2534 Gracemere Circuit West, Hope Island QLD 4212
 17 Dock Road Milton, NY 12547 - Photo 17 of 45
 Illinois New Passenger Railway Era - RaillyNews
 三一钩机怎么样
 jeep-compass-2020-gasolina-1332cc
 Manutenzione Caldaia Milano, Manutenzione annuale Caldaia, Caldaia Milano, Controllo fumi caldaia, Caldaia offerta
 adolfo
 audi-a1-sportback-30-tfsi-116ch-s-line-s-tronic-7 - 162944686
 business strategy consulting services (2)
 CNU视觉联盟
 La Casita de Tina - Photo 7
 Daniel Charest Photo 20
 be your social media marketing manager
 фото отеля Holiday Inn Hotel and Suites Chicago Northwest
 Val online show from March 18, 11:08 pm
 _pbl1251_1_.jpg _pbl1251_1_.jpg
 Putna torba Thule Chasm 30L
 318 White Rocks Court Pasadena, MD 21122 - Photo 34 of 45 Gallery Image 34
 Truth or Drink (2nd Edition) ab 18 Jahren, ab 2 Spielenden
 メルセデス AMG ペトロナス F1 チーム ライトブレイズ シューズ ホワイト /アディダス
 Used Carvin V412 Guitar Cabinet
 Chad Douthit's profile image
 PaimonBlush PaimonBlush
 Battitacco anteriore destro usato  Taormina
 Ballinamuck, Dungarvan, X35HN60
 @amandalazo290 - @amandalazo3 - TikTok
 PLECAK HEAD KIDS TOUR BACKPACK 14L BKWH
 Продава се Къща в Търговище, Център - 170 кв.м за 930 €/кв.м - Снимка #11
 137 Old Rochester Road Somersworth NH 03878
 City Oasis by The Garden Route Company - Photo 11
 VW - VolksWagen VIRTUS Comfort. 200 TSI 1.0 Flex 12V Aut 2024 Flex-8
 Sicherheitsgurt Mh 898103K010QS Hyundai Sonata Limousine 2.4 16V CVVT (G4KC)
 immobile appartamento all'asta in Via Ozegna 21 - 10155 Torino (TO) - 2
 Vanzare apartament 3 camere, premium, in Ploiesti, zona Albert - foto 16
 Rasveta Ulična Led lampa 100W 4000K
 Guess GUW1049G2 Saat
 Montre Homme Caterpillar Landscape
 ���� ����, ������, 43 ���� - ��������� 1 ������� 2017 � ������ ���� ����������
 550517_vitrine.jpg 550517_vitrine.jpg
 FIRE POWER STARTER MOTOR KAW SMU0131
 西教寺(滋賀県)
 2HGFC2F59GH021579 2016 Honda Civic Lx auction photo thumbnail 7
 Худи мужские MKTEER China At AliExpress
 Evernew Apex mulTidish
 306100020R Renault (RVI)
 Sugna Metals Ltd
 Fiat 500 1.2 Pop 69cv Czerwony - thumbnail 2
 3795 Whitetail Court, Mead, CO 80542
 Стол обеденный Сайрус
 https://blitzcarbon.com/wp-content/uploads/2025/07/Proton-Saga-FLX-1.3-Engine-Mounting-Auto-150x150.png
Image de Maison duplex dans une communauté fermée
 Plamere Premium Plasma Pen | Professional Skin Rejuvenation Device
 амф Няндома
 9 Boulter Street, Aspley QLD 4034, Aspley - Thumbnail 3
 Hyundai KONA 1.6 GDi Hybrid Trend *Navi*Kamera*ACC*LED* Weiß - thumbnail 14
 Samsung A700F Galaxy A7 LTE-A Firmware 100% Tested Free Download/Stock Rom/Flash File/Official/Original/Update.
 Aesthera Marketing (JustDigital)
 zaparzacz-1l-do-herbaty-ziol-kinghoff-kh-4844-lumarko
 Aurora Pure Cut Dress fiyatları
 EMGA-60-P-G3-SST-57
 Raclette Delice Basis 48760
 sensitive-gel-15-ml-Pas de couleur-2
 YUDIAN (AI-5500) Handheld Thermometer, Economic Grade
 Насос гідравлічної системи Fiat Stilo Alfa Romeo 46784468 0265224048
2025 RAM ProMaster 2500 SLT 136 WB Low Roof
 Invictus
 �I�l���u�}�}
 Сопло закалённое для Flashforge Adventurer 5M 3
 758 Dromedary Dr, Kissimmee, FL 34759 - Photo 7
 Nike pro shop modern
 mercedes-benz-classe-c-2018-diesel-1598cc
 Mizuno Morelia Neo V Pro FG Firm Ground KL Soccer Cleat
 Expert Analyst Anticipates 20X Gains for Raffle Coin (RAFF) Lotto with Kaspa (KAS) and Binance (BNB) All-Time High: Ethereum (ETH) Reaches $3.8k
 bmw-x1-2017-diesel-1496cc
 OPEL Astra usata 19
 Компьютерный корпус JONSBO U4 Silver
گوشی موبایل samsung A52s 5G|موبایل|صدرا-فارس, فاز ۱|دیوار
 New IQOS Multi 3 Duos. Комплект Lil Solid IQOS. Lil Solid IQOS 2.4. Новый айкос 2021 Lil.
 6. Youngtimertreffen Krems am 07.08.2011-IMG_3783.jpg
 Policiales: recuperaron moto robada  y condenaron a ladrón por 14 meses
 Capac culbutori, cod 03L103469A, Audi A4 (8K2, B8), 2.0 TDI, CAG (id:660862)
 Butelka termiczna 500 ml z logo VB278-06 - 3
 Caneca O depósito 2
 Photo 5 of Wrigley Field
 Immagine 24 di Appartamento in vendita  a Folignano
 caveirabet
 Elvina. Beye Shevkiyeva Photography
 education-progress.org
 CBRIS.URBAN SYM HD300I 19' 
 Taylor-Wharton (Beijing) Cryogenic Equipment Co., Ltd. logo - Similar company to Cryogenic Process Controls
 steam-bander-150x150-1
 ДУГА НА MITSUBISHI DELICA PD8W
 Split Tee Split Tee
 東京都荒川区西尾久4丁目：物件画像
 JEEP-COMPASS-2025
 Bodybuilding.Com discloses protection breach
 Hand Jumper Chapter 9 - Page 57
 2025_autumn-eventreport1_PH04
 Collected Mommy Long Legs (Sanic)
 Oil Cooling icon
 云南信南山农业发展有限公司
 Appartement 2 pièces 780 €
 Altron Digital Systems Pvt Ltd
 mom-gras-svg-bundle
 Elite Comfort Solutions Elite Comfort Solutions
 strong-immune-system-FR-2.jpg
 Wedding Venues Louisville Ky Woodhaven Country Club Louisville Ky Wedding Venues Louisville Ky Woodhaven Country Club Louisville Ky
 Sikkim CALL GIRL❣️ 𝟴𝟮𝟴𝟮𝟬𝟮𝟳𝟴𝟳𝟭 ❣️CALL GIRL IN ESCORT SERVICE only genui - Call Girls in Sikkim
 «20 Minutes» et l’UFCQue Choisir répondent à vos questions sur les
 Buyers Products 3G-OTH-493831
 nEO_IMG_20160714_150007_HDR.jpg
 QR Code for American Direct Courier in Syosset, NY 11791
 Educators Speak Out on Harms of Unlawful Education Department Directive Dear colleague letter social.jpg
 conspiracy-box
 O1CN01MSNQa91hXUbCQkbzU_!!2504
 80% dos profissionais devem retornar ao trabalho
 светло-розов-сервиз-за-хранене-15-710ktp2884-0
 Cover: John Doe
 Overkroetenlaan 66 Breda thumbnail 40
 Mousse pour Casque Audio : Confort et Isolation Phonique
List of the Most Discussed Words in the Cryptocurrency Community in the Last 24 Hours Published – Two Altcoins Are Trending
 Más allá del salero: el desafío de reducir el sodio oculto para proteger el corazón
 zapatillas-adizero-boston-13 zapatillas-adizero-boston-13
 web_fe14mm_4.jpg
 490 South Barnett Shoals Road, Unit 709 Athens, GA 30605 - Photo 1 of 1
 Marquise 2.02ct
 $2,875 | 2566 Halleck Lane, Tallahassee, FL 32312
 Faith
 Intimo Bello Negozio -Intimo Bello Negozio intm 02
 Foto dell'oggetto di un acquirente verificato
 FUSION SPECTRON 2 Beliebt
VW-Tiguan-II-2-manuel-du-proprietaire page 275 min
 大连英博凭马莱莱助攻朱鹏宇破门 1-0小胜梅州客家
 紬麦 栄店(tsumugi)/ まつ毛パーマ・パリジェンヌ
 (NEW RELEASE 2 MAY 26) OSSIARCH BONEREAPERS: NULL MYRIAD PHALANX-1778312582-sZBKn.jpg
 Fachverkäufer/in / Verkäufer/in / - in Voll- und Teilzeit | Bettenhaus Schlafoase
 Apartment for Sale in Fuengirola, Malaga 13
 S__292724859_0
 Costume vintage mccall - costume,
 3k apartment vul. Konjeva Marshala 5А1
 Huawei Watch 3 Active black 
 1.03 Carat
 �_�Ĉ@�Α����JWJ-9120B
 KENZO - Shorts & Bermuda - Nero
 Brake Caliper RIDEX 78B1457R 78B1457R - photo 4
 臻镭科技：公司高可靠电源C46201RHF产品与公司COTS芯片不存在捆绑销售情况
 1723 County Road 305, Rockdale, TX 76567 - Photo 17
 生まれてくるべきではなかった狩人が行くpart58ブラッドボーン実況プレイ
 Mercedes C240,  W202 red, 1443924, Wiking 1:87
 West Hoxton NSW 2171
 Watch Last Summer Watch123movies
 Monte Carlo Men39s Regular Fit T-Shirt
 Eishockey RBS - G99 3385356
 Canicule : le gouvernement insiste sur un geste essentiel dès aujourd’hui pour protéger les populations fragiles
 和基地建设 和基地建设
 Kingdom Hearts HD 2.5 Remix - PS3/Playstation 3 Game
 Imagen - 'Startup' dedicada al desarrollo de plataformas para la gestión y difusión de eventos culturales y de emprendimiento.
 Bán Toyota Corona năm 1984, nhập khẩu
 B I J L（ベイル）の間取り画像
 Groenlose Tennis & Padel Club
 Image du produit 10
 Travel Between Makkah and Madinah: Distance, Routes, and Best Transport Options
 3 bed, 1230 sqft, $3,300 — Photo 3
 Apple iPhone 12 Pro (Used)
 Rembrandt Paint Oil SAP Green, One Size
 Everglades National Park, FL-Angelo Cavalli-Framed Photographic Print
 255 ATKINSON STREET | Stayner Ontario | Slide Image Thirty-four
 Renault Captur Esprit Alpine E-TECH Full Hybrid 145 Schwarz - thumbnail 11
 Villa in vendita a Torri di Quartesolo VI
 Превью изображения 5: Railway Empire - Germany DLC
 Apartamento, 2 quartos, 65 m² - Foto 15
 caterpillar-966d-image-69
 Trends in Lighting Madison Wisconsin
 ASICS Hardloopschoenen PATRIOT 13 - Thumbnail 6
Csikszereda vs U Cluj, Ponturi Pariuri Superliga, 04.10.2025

Task to carry out => What you return should be exactly the lines above, starting at the one with "Стол обеденный Сайрус" and ending at the one with "2025_autumn-eventreport1_PH04", and nothing else.

Result =>
 Стол обеденный Сайрус
 https://blitzcarbon.com/wp-content/uploads/2025/07/Proton-Saga-FLX-1.3-Engine-Mounting-Auto-150x150.png
Image de Maison duplex dans une communauté fermée
 Plamere Premium Plasma Pen | Professional Skin Rejuvenation Device
 амф Няндома
 9 Boulter Street, Aspley QLD 4034, Aspley - Thumbnail 3
 Hyundai KONA 1.6 GDi Hybrid Trend *Navi*Kamera*ACC*LED* Weiß - thumbnail 14
 Samsung A700F Galaxy A7 LTE-A Firmware 100% Tested Free Download/Stock Rom/Flash File/Official/Original/Update.
 Aesthera Marketing (JustDigital)
 zaparzacz-1l-do-herbaty-ziol-kinghoff-kh-4844-lumarko
 Aurora Pure Cut Dress fiyatları
 EMGA-60-P-G3-SST-57
 Raclette Delice Basis 48760
 sensitive-gel-15-ml-Pas de couleur-2
 YUDIAN (AI-5500) Handheld Thermometer, Economic Grade
 Насос гідравлічної системи Fiat Stilo Alfa Romeo 46784468 0265224048
2025 RAM ProMaster 2500 SLT 136 WB Low Roof
 Invictus
 �I�l���u�}�}
 Сопло закалённое для Flashforge Adventurer 5M 3
 758 Dromedary Dr, Kissimmee, FL 34759 - Photo 7
 Nike pro shop modern
 mercedes-benz-classe-c-2018-diesel-1598cc
 Mizuno Morelia Neo V Pro FG Firm Ground KL Soccer Cleat
 Expert Analyst Anticipates 20X Gains for Raffle Coin (RAFF) Lotto with Kaspa (KAS) and Binance (BNB) All-Time High: Ethereum (ETH) Reaches $3.8k
 bmw-x1-2017-diesel-1496cc
 OPEL Astra usata 19
 Компьютерный корпус JONSBO U4 Silver
گوشی موبایل samsung A52s 5G|موبایل|صدرا-فارس, فاز ۱|دیوار
 New IQOS Multi 3 Duos. Комплект Lil Solid IQOS. Lil Solid IQOS 2.4. Новый айкос 2021 Lil.
 6. Youngtimertreffen Krems am 07.08.2011-IMG_3783.jpg
 Policiales: recuperaron moto robada  y condenaron a ladrón por 14 meses
 Capac culbutori, cod 03L103469A, Audi A4 (8K2, B8), 2.0 TDI, CAG (id:660862)
 Butelka termiczna 500 ml z logo VB278-06 - 3
 Caneca O depósito 2
 Photo 5 of Wrigley Field
 Immagine 24 di Appartamento in vendita  a Folignano
 caveirabet
 Elvina. Beye Shevkiyeva Photography
 education-progress.org
 CBRIS.URBAN SYM HD300I 19' 
 Taylor-Wharton (Beijing) Cryogenic Equipment Co., Ltd. logo - Similar company to Cryogenic Process Controls
 steam-bander-150x150-1
 ДУГА НА MITSUBISHI DELICA PD8W
 Split Tee Split Tee
 東京都荒川区西尾久4丁目：物件画像
 JEEP-COMPASS-2025
 Bodybuilding.Com discloses protection breach
 Hand Jumper Chapter 9 - Page 57
 2025_autumn-eventreport1_PH04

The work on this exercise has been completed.